Descritivismo clássico.
O descritivismo é uma família de teorias da referência que explicam o
significado e/ou a referência dos nomes em termos do significado e/ou
referência das descrições definidas daqueles nomes. Primeiro, o descritivismo
explica o significado dos nomes em termos do significado das descrições e,
depois, explica a referência dos nomes em termos do significado das descrições.
O descritivismo clássico é, então, uma
versão de teoria da referência indireta oriunda de Frege e Russell. Nela, um
falante associa uma descrição definida a um nome próprio e é o significado
dessa descrição que é o significado daquele nome próprio.
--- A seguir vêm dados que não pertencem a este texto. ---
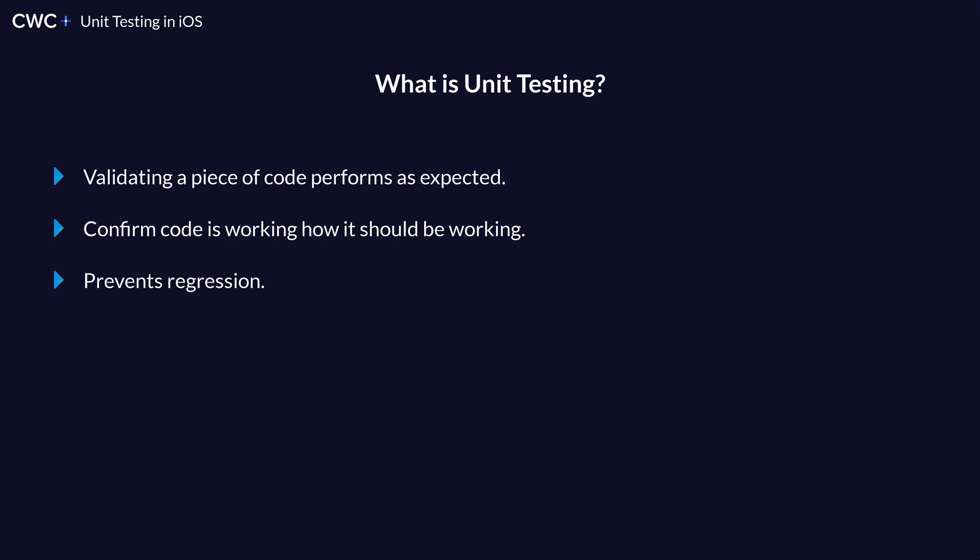And with unit testing, these can be integrated with what is called CI/CD. So this is continuous integration or continuous delivery or deployment. This allows you when you work in a team to continually test your code.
E, também, o
significado dessa descrição seleciona um objeto que é o referente daquele nome
próprio.
Teoria das descrições definidas de Russell.
Conforme continua Sagid, uma descrição definida é uma expressão da forma “o F”
ou “a F”, isto é, são expressões antecedidas pelos artigos “o”, “a”, por
exemplo: “a rainha da Inglaterra”, “a pessoa mais alta do planeta”. O uso das
descrições definidas faz com que uma afirmação como 1.) deva ser interpretada
por uma afirmação como 2.), qual seja, alguém que diz 1.), na verdade está
dizendo 2.), tomando 1.) por “N é G” e 2.) por “O F é G”.
Isso posto, quando digo 3.) “Aristóteles é
um filósofo”, estou dizendo 4.) “O fundador da lógica formal é um filósofo”, já
que, conforme enunciado, é a descrição que o falante associa ao nome próprio que
fornece o significado do nome. Isso reduz o problema do significado dos nomes
ao problema do significado das descrições, esse último sendo tratado pela
teoria russelliana.
Ocorre que o significado de uma descrição
definida não é tomado isoladamente, mas por um método de análise contextual que
interpreta o significado de expressões no contexto completo das frases em que
elas ocorrem. Para explicar o significado de expressões subfrásicas, como NP ou DD[ii], podemos nos valer do
princípio da composicionalidade e verificar qual a contribuição delas na frase.
Então, não se explica “o fundador da lógica formal”, mas “o fundador da lógica
formal é sábio” – dentro de um contexto, sobre o que é dito.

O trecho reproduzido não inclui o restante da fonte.